Seashells aren’t the only things found on Key Biscayne beaches.









At around 9 a.m. on Sunday morning, Michael Nearing, president of the Rotary Club of Key Biscayne, spotted a 15- to 20-foot spacecraft-like raft that had floated near the towers of Bill Baggs Cape Florida State Park.

An official with the US Customs and Border Patrol in Miami, which is part of the Division of Homeland Security, said on Sunday that the department was investigating.

Key Biscayne Police Chief Frank Sousa was also checking for any updates but said on Sunday afternoon the border patrol was in charge.

Resident Prudence Gill said two silver cones on the back of the raft – one with letters painted red – appeared to spell EMANUEL.






The raft lands at Bill Baggs Sunday morning Sunday January 9




Dearing said the cones anchored the ship which was made of rusty mustard-colored cylinders with three sturdy metal or steel bars running across them for passengers to hang onto. At the base of the raft there were also two planks of wood, perhaps for the pilot to steer or observe.

Inside, it looked like it contained some kind of engine or carburetor. Nearing said it was actually a “propeller car engine mounted centrally inside and powered by one or more of the 55 gallon barrels on the side of the raft which was configured to serve as a Fuel tank”.

Nearing called it “ingenious assembly and welding skills” and “colors worthy of their own poster”.

David Adams, a 24-year Key Biscayne resident and digital reporter for Univision, showed Islander News in a video that the raft was certainly coming from Cuba. He held up a discarded bag from the raft of Vietnamese white rice with the words Alimport * Habana * Cuba on top with an expiration date of July 31, 2021.






A raft of




Alimport is a Cuban public company established in Havana in 1962 and its main imports and exports are not only food, but also raw materials for the food industry.

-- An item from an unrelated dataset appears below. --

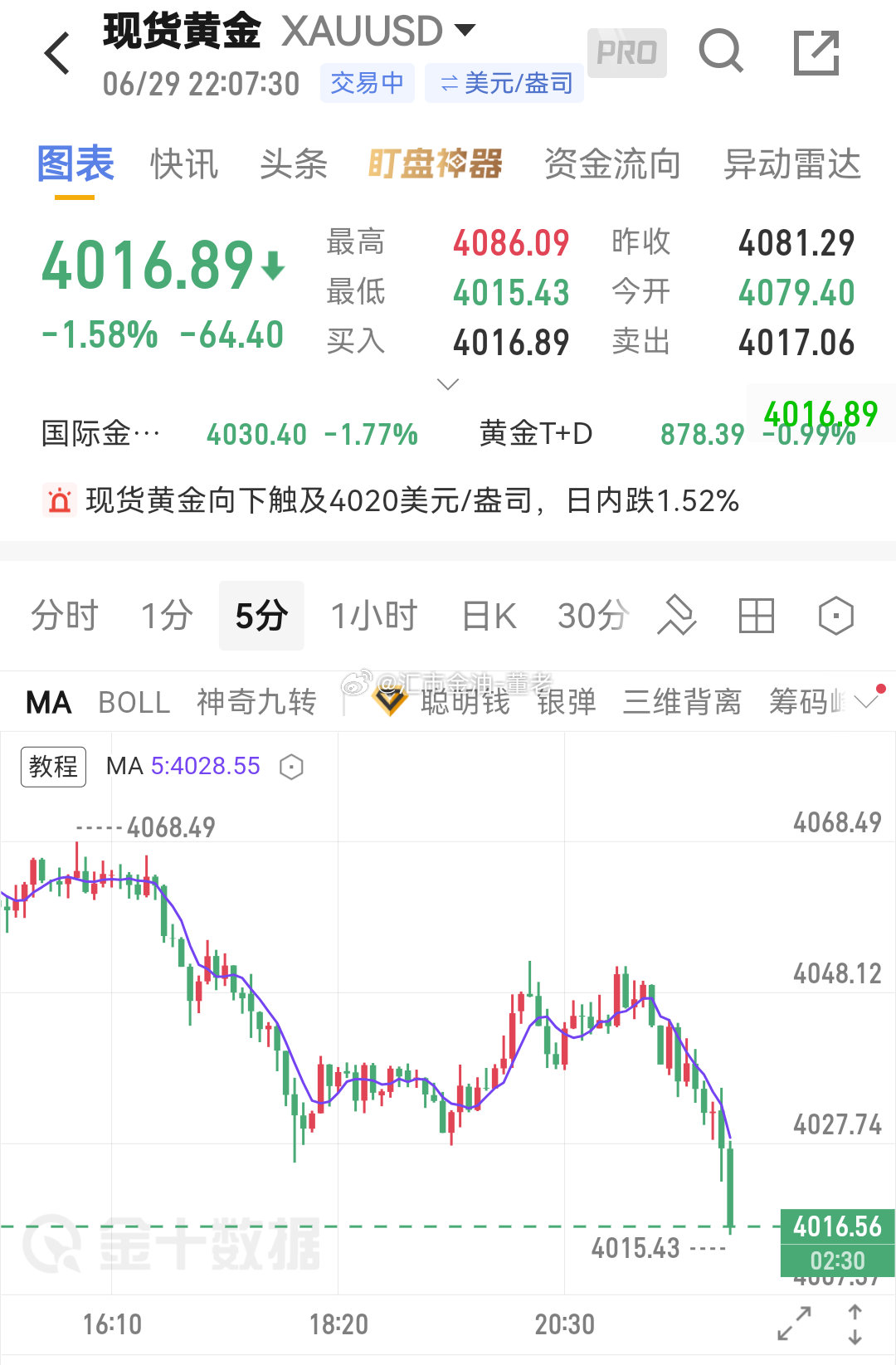 黄金 黄金也跟着下行了。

Adams said the raft appears to be made from barrels or drums of Cuban honey. On one of the barrels he noticed the word Cubalse, the name of another state-owned enterprise founded in 1962 that would offer and sell goods and services to diplomats and foreigners in Cuba.

Adams estimated that 10 people could fit in the steel hull, which likely has a propeller under the engine, he said.

“The way they built it is ingenious, but they’ve had a lot of practice,” he said, referring to the number of Cubans over the years who have wanted to flee the country. “I saw a lot of Cuban rafts of all types. Usually they are made of wood, with thick plastic sheets and styrofoam blocks, all bolted together and with some type of industrial glue. And, there is usually a sail and a backup engine.

“I’ve never seen one like this … it’s an unusual fabrication.” If you look, it’s designed to mimic an inflatable boat.

Adams said the ship had reached shore, likely eluding authorities, as the US Coast Guard typically marked a large red “X” on the side after being intercepted and / or occupants were rescued.

“It looks quite seaworthy, surprisingly,” Adams said.

There was no word if anyone on board was still in Bill Baggs’ area.

Last August, a group of 42 Haitian migrants who may have landed somewhere near Crandon Park in Key Biscayne attempted to dodge the coast guard and police before being surrounded. The US Border Patrol and the Florida Fish and Wildlife Commission, we are also among the agencies that responded to what has been termed a “sea smuggling event”.

It is approximately 224 direct miles from Havana to the State Park.

Just four days ago, US Border Patrol agents responded to yet another maritime smuggling event in the Florida Keys, where 15 Cuban migrants were federally detained and processed for deportation. They were assisted by the US Customs and Border Air and Marine Operations unit.

Bill Durham contributed to this report.